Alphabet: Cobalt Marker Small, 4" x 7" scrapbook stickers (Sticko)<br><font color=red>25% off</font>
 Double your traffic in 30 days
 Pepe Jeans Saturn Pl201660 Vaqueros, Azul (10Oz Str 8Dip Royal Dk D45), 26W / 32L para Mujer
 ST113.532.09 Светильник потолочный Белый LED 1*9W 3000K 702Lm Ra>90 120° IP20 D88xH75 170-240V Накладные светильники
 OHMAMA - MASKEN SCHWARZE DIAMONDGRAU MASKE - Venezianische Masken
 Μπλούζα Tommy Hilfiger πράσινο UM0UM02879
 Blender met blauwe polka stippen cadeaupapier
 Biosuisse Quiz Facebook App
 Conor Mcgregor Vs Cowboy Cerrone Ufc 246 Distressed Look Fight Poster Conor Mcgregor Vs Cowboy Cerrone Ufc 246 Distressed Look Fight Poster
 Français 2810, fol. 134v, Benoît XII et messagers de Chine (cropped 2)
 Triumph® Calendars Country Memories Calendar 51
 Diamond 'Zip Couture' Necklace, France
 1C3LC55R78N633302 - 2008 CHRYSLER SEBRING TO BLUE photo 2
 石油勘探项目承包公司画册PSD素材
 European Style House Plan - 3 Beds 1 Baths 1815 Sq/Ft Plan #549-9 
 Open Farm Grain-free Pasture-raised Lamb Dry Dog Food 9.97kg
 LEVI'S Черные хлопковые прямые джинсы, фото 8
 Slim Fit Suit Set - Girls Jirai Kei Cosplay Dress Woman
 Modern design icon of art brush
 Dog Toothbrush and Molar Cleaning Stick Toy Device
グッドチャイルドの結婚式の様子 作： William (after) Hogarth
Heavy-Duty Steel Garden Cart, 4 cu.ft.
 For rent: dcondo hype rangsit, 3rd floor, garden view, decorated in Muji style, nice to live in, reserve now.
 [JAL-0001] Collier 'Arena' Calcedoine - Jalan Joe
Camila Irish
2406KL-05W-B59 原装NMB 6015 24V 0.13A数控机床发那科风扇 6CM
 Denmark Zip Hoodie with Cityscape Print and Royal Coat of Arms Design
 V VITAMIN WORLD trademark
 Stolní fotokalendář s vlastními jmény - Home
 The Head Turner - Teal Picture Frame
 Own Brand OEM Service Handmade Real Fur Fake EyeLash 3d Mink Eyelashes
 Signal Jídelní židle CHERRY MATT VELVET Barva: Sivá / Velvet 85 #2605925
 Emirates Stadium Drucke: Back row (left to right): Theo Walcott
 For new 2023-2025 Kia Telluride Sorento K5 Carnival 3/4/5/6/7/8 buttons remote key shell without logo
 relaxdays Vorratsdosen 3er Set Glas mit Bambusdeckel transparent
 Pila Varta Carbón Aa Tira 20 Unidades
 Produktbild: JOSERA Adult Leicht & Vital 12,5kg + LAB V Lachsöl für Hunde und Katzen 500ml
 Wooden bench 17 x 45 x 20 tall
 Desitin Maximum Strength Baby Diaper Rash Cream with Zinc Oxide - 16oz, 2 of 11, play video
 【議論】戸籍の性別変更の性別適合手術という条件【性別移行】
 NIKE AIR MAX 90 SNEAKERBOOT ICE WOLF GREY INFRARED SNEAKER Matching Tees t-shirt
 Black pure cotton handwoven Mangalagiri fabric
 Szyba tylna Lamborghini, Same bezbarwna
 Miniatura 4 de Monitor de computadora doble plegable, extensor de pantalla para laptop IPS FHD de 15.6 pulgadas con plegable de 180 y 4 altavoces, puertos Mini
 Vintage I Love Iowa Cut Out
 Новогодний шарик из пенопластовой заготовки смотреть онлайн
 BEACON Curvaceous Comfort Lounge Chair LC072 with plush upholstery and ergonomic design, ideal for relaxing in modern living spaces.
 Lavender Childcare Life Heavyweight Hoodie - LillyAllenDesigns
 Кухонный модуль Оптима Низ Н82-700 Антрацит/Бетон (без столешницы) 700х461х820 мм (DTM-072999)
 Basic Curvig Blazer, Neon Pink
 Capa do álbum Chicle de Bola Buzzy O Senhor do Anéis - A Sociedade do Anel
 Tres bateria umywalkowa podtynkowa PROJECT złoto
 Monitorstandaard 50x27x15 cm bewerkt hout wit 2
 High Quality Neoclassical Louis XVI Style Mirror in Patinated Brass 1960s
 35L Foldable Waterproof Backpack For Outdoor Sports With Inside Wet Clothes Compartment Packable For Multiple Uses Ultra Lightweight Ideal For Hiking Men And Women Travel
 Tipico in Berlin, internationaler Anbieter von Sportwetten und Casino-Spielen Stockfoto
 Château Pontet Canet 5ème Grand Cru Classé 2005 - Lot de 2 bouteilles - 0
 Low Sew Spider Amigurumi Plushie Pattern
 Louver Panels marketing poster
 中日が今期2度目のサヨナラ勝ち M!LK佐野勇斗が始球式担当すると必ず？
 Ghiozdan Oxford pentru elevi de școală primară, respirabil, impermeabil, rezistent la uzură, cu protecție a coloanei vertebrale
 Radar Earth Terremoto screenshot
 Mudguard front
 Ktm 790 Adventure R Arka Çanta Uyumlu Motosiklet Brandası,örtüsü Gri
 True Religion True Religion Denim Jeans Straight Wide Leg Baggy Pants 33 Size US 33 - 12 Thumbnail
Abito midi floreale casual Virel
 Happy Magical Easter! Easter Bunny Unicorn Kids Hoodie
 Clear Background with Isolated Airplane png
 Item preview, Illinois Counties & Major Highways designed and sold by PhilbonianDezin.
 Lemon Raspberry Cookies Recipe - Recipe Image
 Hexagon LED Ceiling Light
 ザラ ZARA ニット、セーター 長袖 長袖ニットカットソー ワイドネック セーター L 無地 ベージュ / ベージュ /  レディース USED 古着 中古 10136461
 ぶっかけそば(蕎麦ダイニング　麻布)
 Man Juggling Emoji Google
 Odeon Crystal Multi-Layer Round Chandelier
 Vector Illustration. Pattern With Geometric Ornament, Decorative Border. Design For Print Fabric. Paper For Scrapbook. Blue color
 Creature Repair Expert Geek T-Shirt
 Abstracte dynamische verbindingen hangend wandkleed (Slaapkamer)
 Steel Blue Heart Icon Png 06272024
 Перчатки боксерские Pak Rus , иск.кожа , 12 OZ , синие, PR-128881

WORK REQUEST
An exact reproduction of the material above is required.

RESULT FOR THIS EXERCISE
Alphabet: Cobalt Marker Small, 4" x 7" scrapbook stickers (Sticko)<br><font color=red>25% off</font>
 Double your traffic in 30 days
 Pepe Jeans Saturn Pl201660 Vaqueros, Azul (10Oz Str 8Dip Royal Dk D45), 26W / 32L para Mujer
 ST113.532.09 Светильник потолочный Белый LED 1*9W 3000K 702Lm Ra>90 120° IP20 D88xH75 170-240V Накладные светильники
 OHMAMA - MASKEN SCHWARZE DIAMONDGRAU MASKE - Venezianische Masken
 Μπλούζα Tommy Hilfiger πράσινο UM0UM02879
 Blender met blauwe polka stippen cadeaupapier
 Biosuisse Quiz Facebook App
 Conor Mcgregor Vs Cowboy Cerrone Ufc 246 Distressed Look Fight Poster Conor Mcgregor Vs Cowboy Cerrone Ufc 246 Distressed Look Fight Poster
 Français 2810, fol. 134v, Benoît XII et messagers de Chine (cropped 2)
 Triumph® Calendars Country Memories Calendar 51
 Diamond 'Zip Couture' Necklace, France
 1C3LC55R78N633302 - 2008 CHRYSLER SEBRING TO BLUE photo 2
 石油勘探项目承包公司画册PSD素材
 European Style House Plan - 3 Beds 1 Baths 1815 Sq/Ft Plan #549-9 
 Open Farm Grain-free Pasture-raised Lamb Dry Dog Food 9.97kg
 LEVI'S Черные хлопковые прямые джинсы, фото 8
 Slim Fit Suit Set - Girls Jirai Kei Cosplay Dress Woman
 Modern design icon of art brush
 Dog Toothbrush and Molar Cleaning Stick Toy Device
グッドチャイルドの結婚式の様子 作： William (after) Hogarth
Heavy-Duty Steel Garden Cart, 4 cu.ft.
 For rent: dcondo hype rangsit, 3rd floor, garden view, decorated in Muji style, nice to live in, reserve now.
 [JAL-0001] Collier 'Arena' Calcedoine - Jalan Joe
Camila Irish
2406KL-05W-B59 原装NMB 6015 24V 0.13A数控机床发那科风扇 6CM
 Denmark Zip Hoodie with Cityscape Print and Royal Coat of Arms Design
 V VITAMIN WORLD trademark
 Stolní fotokalendář s vlastními jmény - Home
 The Head Turner - Teal Picture Frame
 Own Brand OEM Service Handmade Real Fur Fake EyeLash 3d Mink Eyelashes
 Signal Jídelní židle CHERRY MATT VELVET Barva: Sivá / Velvet 85 #2605925
 Emirates Stadium Drucke: Back row (left to right): Theo Walcott
 For new 2023-2025 Kia Telluride Sorento K5 Carnival 3/4/5/6/7/8 buttons remote key shell without logo
 relaxdays Vorratsdosen 3er Set Glas mit Bambusdeckel transparent
 Pila Varta Carbón Aa Tira 20 Unidades
 Produktbild: JOSERA Adult Leicht & Vital 12,5kg + LAB V Lachsöl für Hunde und Katzen 500ml
 Wooden bench 17 x 45 x 20 tall
 Desitin Maximum Strength Baby Diaper Rash Cream with Zinc Oxide - 16oz, 2 of 11, play video
 【議論】戸籍の性別変更の性別適合手術という条件【性別移行】
 NIKE AIR MAX 90 SNEAKERBOOT ICE WOLF GREY INFRARED SNEAKER Matching Tees t-shirt
 Black pure cotton handwoven Mangalagiri fabric
 Szyba tylna Lamborghini, Same bezbarwna
 Miniatura 4 de Monitor de computadora doble plegable, extensor de pantalla para laptop IPS FHD de 15.6 pulgadas con plegable de 180 y 4 altavoces, puertos Mini
 Vintage I Love Iowa Cut Out
 Новогодний шарик из пенопластовой заготовки смотреть онлайн
 BEACON Curvaceous Comfort Lounge Chair LC072 with plush upholstery and ergonomic design, ideal for relaxing in modern living spaces.
 Lavender Childcare Life Heavyweight Hoodie - LillyAllenDesigns
 Кухонный модуль Оптима Низ Н82-700 Антрацит/Бетон (без столешницы) 700х461х820 мм (DTM-072999)
 Basic Curvig Blazer, Neon Pink
 Capa do álbum Chicle de Bola Buzzy O Senhor do Anéis - A Sociedade do Anel
 Tres bateria umywalkowa podtynkowa PROJECT złoto
 Monitorstandaard 50x27x15 cm bewerkt hout wit 2
 High Quality Neoclassical Louis XVI Style Mirror in Patinated Brass 1960s
 35L Foldable Waterproof Backpack For Outdoor Sports With Inside Wet Clothes Compartment Packable For Multiple Uses Ultra Lightweight Ideal For Hiking Men And Women Travel
 Tipico in Berlin, internationaler Anbieter von Sportwetten und Casino-Spielen Stockfoto
 Château Pontet Canet 5ème Grand Cru Classé 2005 - Lot de 2 bouteilles - 0
 Low Sew Spider Amigurumi Plushie Pattern
 Louver Panels marketing poster
 中日が今期2度目のサヨナラ勝ち M!LK佐野勇斗が始球式担当すると必ず？
 Ghiozdan Oxford pentru elevi de școală primară, respirabil, impermeabil, rezistent la uzură, cu protecție a coloanei vertebrale
 Radar Earth Terremoto screenshot
 Mudguard front
 Ktm 790 Adventure R Arka Çanta Uyumlu Motosiklet Brandası,örtüsü Gri
 True Religion True Religion Denim Jeans Straight Wide Leg Baggy Pants 33 Size US 33 - 12 Thumbnail
Abito midi floreale casual Virel
 Happy Magical Easter! Easter Bunny Unicorn Kids Hoodie
 Clear Background with Isolated Airplane png
 Item preview, Illinois Counties & Major Highways designed and sold by PhilbonianDezin.
 Lemon Raspberry Cookies Recipe - Recipe Image
 Hexagon LED Ceiling Light
 ザラ ZARA ニット、セーター 長袖 長袖ニットカットソー ワイドネック セーター L 無地 ベージュ / ベージュ /  レディース USED 古着 中古 10136461
 ぶっかけそば(蕎麦ダイニング　麻布)
 Man Juggling Emoji Google
 Odeon Crystal Multi-Layer Round Chandelier
 Vector Illustration. Pattern With Geometric Ornament, Decorative Border. Design For Print Fabric. Paper For Scrapbook. Blue color
 Creature Repair Expert Geek T-Shirt
 Abstracte dynamische verbindingen hangend wandkleed (Slaapkamer)
 Steel Blue Heart Icon Png 06272024
 Перчатки боксерские Pak Rus , иск.кожа , 12 OZ , синие, PR-128881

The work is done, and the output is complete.